On the day before, Sunday, we had our first fish since St Helena - three of the buggers within an hour! Two Wahoo where the first to take the lures and about three quarters of an hour later a nice sized Dorado decided to visit and partake in trying to eat our nice bright pink lure. Big mistake! He is now "chilling out" in the freezer whilst we pigged ourselves on one of the Wahoo for dinner. Photo above of Louis with his prize Dorado.
Whilst at sea I use the HAM Winlink system for my email. One of the things you can do with it is put in requests for information - one being the 30 closest HAM equipped boat closest to our last posted position. I requested the report this morning and noticed M0SAE (Oceans Dream) was in St Lucia. Oceans Dream is an Admiral 40 owned by Adrian and Jackie, which I helped to deliver to Trinidad about a year ago. I popped off an email to Adrian and an hour later he was calling me on the marine VHF. We had a brief chat and it appears they are enjoying the cruising life after they had spent many months with problems with the boat after arriving in Trinidad. Go for it guys - enjoy the boat and cruising life.
Our ship spotting competition came to an end about 100 nautical miles from Barbados. Louis made the top sightings with 20 ships, I came second with 18 ships and Greg last with 16 ships. So, Louis gets his bottle of Caribbean rum after we arrive in Tortola.

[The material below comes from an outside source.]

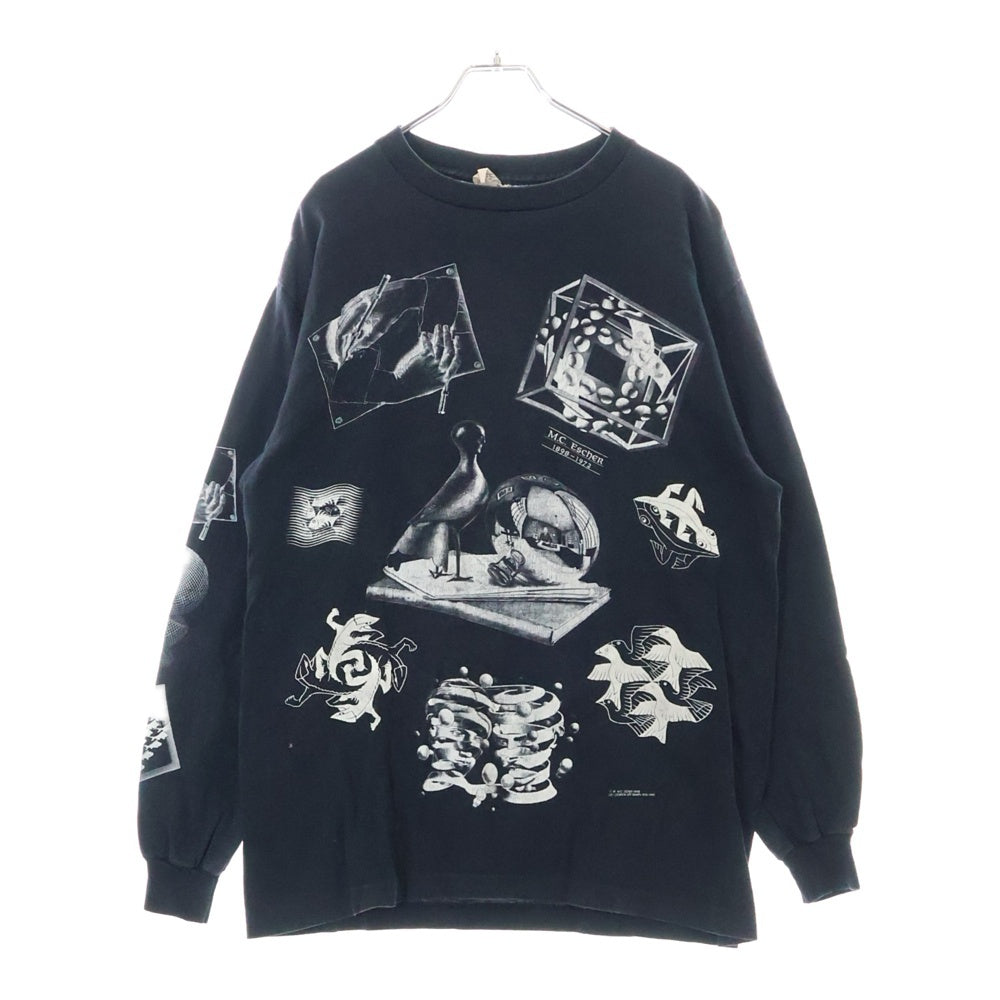 VINTAGE(ヴィンテージ) 90s M.C. ESCHER MULTI ART LS BLACK ANDAZIA エッシャー ロンT Tシャツ 半袖カットソー ブラック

As I type this, we have just sailed past the island of Montserrat, which is spewing volcanic ash into the sky and with huge landslides of ash tumbling down the side of the volcano. It has been quite a sight for everyone as I am the only person on board that has seen a volcano before. At the end of the day it actually just means that we have to scrub the boat more as we are now covered in a fine grit - everywhere, including inside the sail covers.
Well, the washing will not be long off. We will arrive in Sint Maarten in the small hours of Wednesday morning and be able to do the boat wash and fill our water tanks. Oh, what bliss it will be to be able to shower ever day from now on. Remember, this is a charter boat and has no such luxuries as a water maker - all our water is in tanks and those were last topped up in St Helena.
Hope the above updates you in the delivery. Regards from Louis, Greg, Joy and myself, John.